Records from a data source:
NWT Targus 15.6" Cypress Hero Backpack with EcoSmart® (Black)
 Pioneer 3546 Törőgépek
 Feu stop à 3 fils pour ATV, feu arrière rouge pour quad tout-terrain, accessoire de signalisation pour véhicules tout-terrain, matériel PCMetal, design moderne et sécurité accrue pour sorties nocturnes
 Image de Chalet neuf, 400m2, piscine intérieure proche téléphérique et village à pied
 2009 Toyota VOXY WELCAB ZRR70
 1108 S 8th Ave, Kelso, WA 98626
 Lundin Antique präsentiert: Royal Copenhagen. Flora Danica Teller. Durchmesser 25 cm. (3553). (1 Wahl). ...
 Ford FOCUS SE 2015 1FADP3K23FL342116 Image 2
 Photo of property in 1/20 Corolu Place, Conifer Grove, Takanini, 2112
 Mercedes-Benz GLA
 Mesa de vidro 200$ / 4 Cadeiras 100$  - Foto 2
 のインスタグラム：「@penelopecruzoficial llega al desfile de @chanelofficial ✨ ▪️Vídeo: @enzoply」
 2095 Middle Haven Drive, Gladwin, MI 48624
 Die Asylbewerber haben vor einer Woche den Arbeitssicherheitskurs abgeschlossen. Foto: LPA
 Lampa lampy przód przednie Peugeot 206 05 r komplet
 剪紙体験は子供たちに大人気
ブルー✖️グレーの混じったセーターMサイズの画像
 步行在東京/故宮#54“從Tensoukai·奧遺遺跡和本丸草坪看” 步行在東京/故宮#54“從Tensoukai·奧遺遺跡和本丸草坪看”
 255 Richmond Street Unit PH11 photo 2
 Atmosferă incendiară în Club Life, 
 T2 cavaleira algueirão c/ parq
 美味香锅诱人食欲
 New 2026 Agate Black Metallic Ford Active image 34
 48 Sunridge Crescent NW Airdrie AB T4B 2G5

*Goal of the exercise*:
For the word "Black", say how many lines of the data include it, with nothing else in the reply.

*Response*:
2